Monday, 12 August 2019

Prison Break


Welcome to the blogpost on Prison Break, or Why Some Shows Should Only Have One Series Really.  It’s been a light week from a TV viewing perspective.  New home ownership has seen my evening and weekend hours spent away from my favourite screen (and I haven’t bought a telly yet), whether that be spiralling in Old Kent Road B&Q because I don’t know what drill to buy, or spiralling at home because I’ve drilled fixings into the wrong bit of wall and totally destroyed the home I’ve saved for ten years to buy, or spiralling with happiness now that I’ve finally got a blind up over the bedroom window, sparing my new neighbours (and any innocent passer-by) the daily torment of my genitalia appearing in their line of vision while I’m putting my pyjamas on.  And yes, the whole blog so far has been about me putting a blind up.  Buying a flat has made me the most boring person in the world and I know this because my friends have not been shy in confirming it to me.

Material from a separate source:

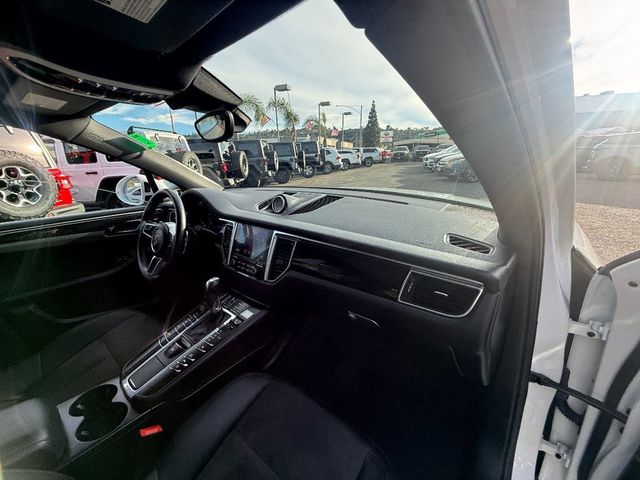 2017 Porsche Macan AWD - 22992905 - 16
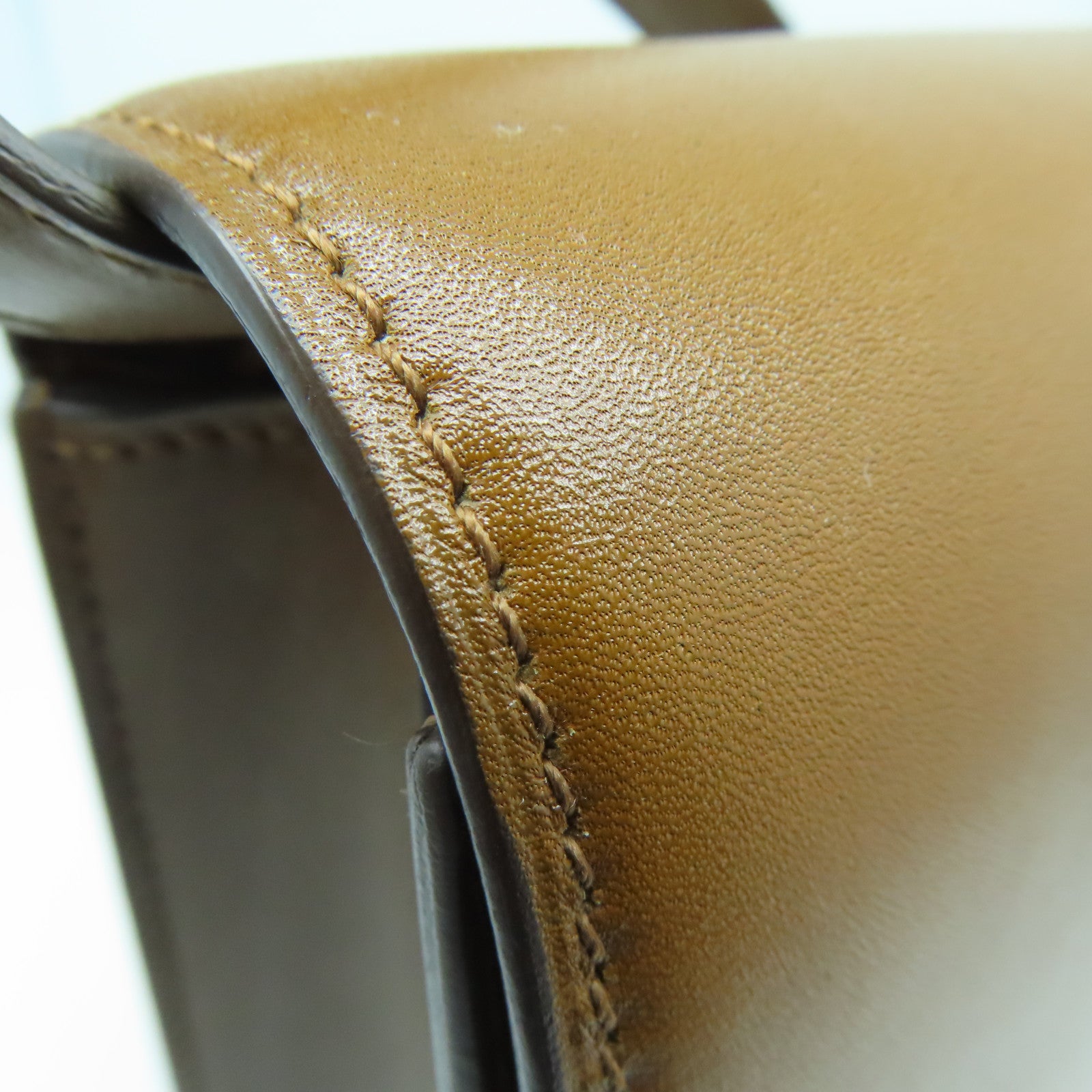 CELINE Cowhide Leather Box Shoulder Gold Buckle Shoulder Bag Brown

But this means we are indeed trawling the archives of old stuff I watched when my life still had hope.  Why prisons?  Well, thanks for that question.  It’s nice when we’re interactive, isn’t it?  I’ve been partly inspired by the return for a seventh and final series of Orange Is The New Black.  One of the good things about my flat (cue more boring chat – let’s call it flat chat) is that I have a bath again, but I get bored in there quickly, as lying inert in scalding water waiting for Epsom salts to assuage the cramps of my Crossfit-overtrained limbs and unravel the angry knots in my back isn’t as entertaining as I would like.  I’ve therefore been taking my laptop into the bathroom with me, positioning it away from the water on an old duvet box and enjoying me a bit of on-demand premium content while my glasses steam up and my fingertips go all pruney.  This is how I got through the mind-boggling second series of Dark (even more wildly ambitious that the first outing – watch it now).  I then thought I could catch up on the latest The Handmaid’s Tale in there (this is over a number of bathing occasions – I haven’t just been in the tub for weeks in one go) but Channel 4 only have the catch-up rights to that for twenty-five minutes or so after broadcast.  So off I went to trusty old Netflix to catch up with the ladies of Litchfield.  I’d forgotten who most of them were, but I soon remembered that I loved them.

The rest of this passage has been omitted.